--- ASSIGNED TASK ---
Repeat each entry exactly; omit all pictures.

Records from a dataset
________________________________________

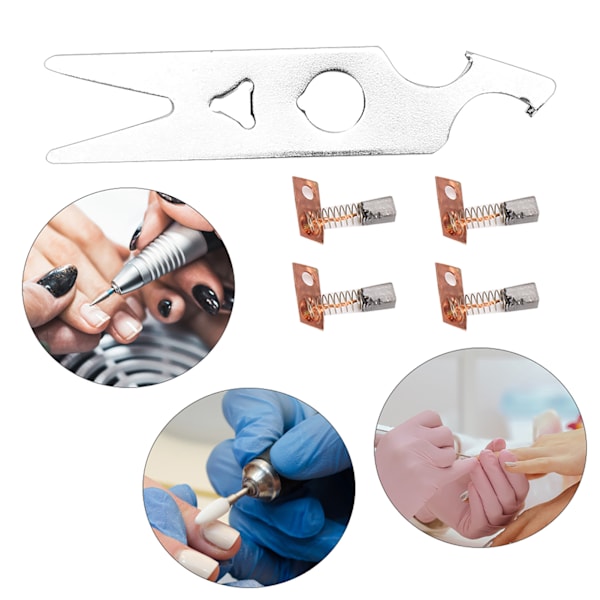 2 par kolborstnyckel set nagelborrmaskin handstycke tillbehör reservdel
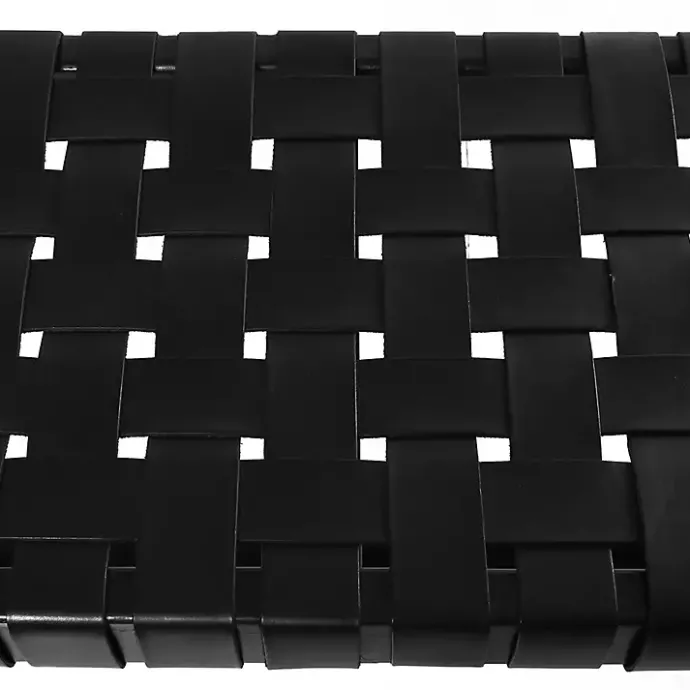 Online Kirklands Home Teak Wood and Leather Bench Black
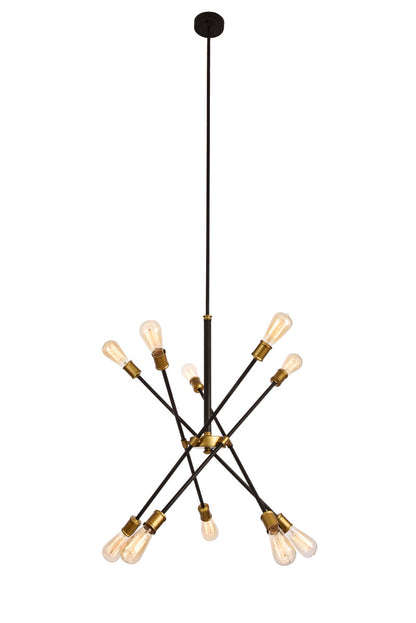 Axel Collection Chandelier D27.2 H32.5 Lt:10 Black and Brass Finish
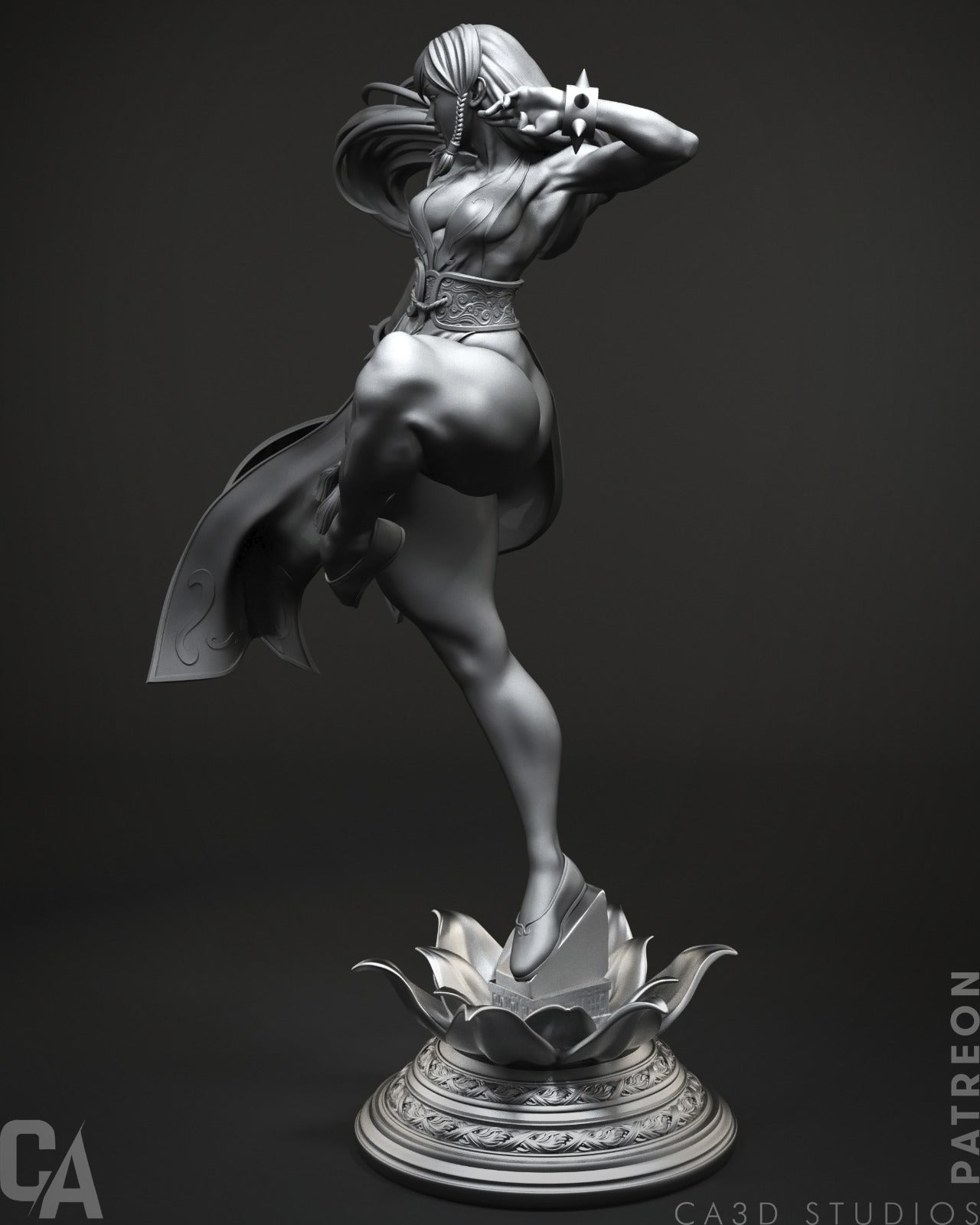 Chun-Li Street Fighter CA3D 3D Printed 16K Unpainted Resin Statue 1:4 scale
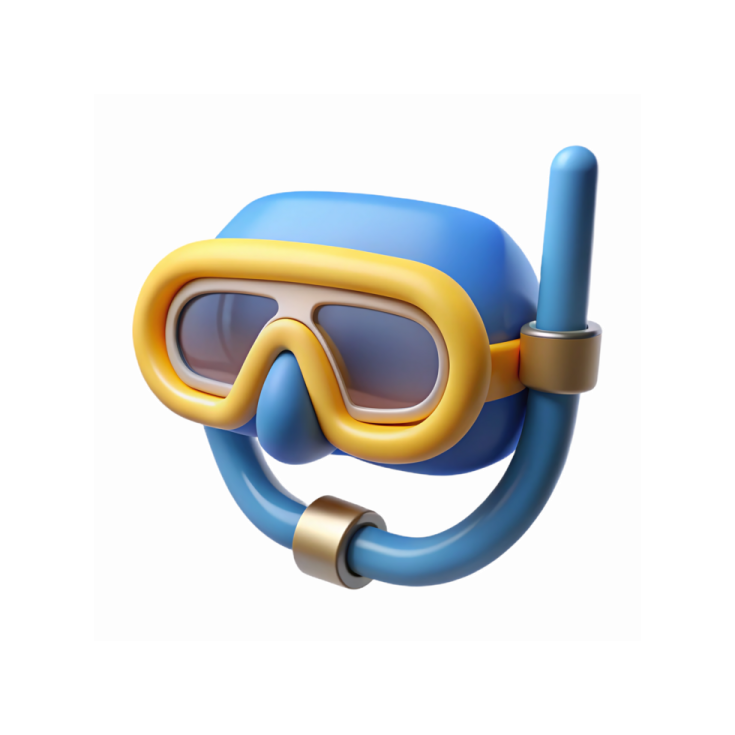 a blue and yellow mask with goggles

________________________________________

--- ANSWER FOR THIS EXERCISE ---
 2 par kolborstnyckel set nagelborrmaskin handstycke tillbehör reservdel
 Online Kirklands Home Teak Wood and Leather Bench Black
 Axel Collection Chandelier D27.2 H32.5 Lt:10 Black and Brass Finish
 Chun-Li Street Fighter CA3D 3D Printed 16K Unpainted Resin Statue 1:4 scale
 a blue and yellow mask with goggles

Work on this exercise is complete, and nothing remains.